Our say: Policing shouldn’t be a numbers game
OXLEY detectives, covering Tamworth and Gunnedah, are one of the most under-resourced units in Western NSW, and argue community safety is being put a risk because of a drug epidemic and a lack of officers.
The Leader can reveal that the local team has significantly less investigators than Dubbo but has to police dozens more convicted sex offenders, and covers a population with more than 20,000 extra people.
The Oxley office has one detective sergeant who leads a team of 12 detectives with two rural crime officers also stationed in the Tamworth and Gunnedah offices.
The team has to manage 73 convicted sex offenders – the highest in Western NSW and in the top 10 in the state – with no dedicated officer assigned to manage the child protection register list and carry out spontaneous checks.
In the Orana area, Dubbo has a 22-strong team with three detective sergeants or team leaders to police 55 sex offenders and a population of 62,000, while New England has 18 investigators including rural crime officers and polices a population of almost 70,000 people.
In Canobolas, 17 detectives police 68,145 people across the Orange and Cowra area.
Oxley only has 15 detectives, but has more sex offenders and covers a population of 84,749 people, making it the busiest command in Western Region.
Tamworth also has specialist equipment to scan electronic goods for child pornography or illegal activity on phones, and on average, without a designated position, local detectives are spending 46 hours per month examining phones, computers and hardware seized, on top of their usual caseload.

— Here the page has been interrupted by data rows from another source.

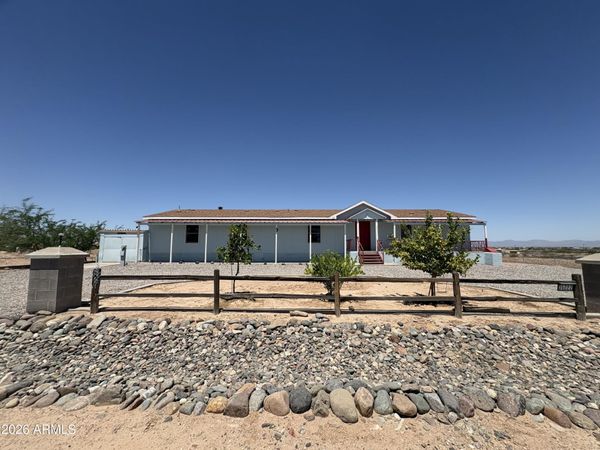 35222 W MCNEIL Street, Arlington, AZ 85322
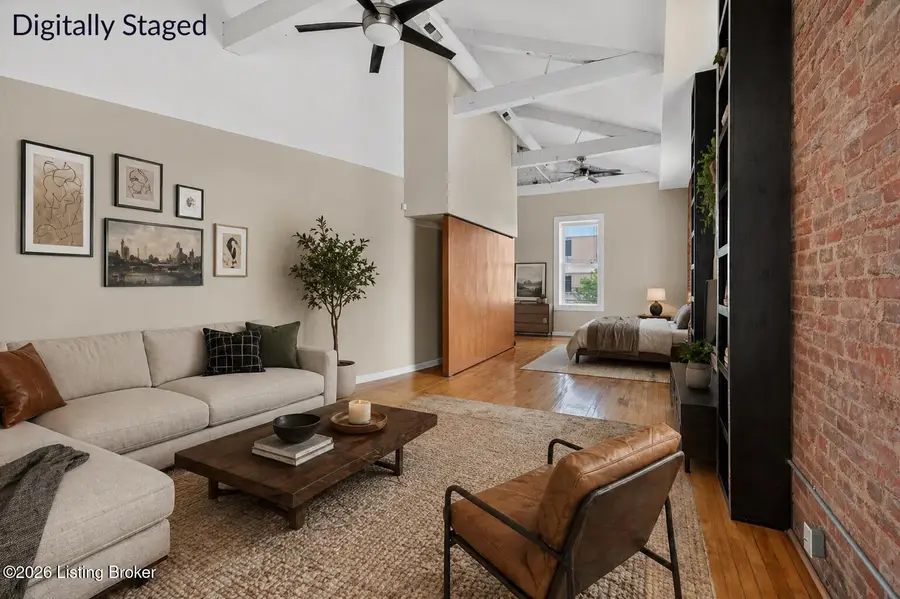 221 S Hancock St #B, Louisville, KY 40202 - #2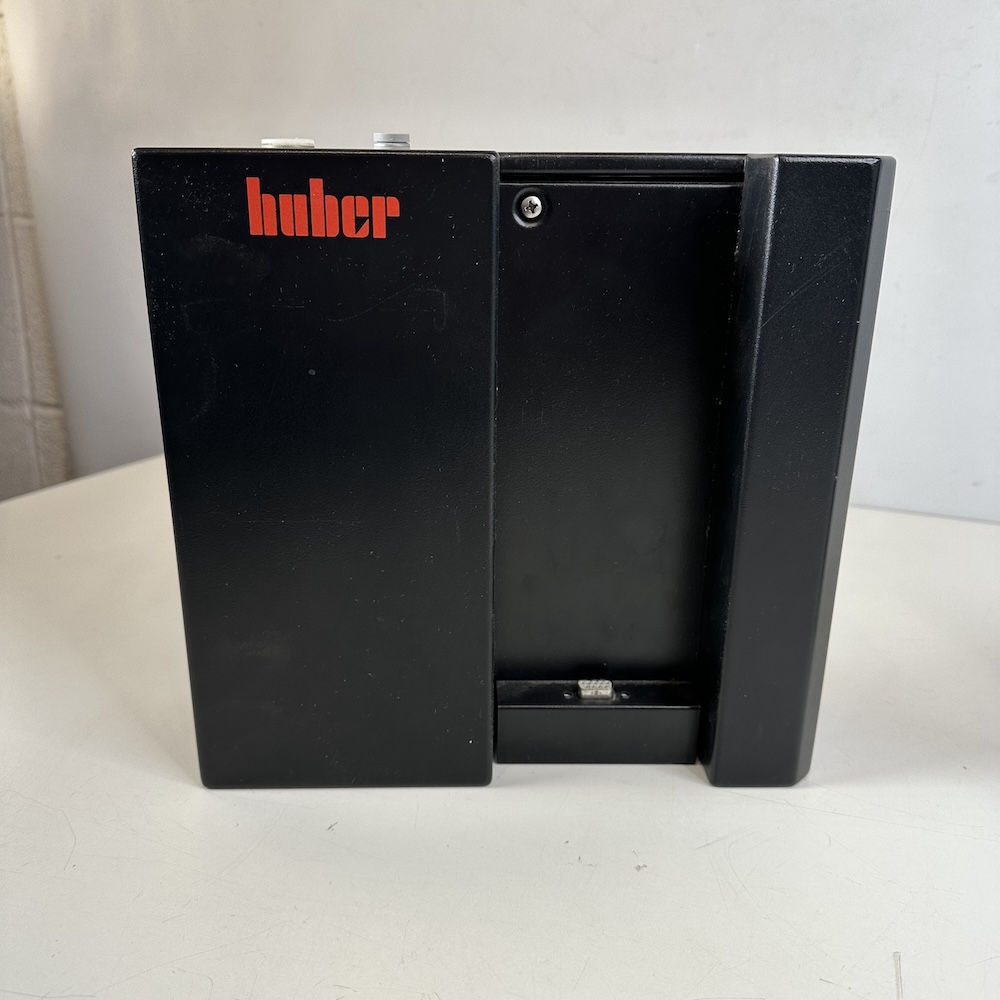 Huber Unistat Tango Controller Interface Control Box, image 2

This week, Oxley detectives will mount a campaign to get more officers in the criminal investigation unit, which has to investigate drug dealers, outlaw motorcycle gangs, sexual assaults and convicted sex offenders.
The detectives are prohibited from speaking publicly but sources have told The Leader investigators fear community safety is at risk because there aren’t enough officers to examine every complaint, and cases are being put on the backburner with the constant stream of violent or serious crime stemming from the ice epidemic.
Sources say local police can’t get to some drug investigations because of the other work flooding in.
A spokesperson for Oxley Command said they could not comment until they see the proposal from the police association.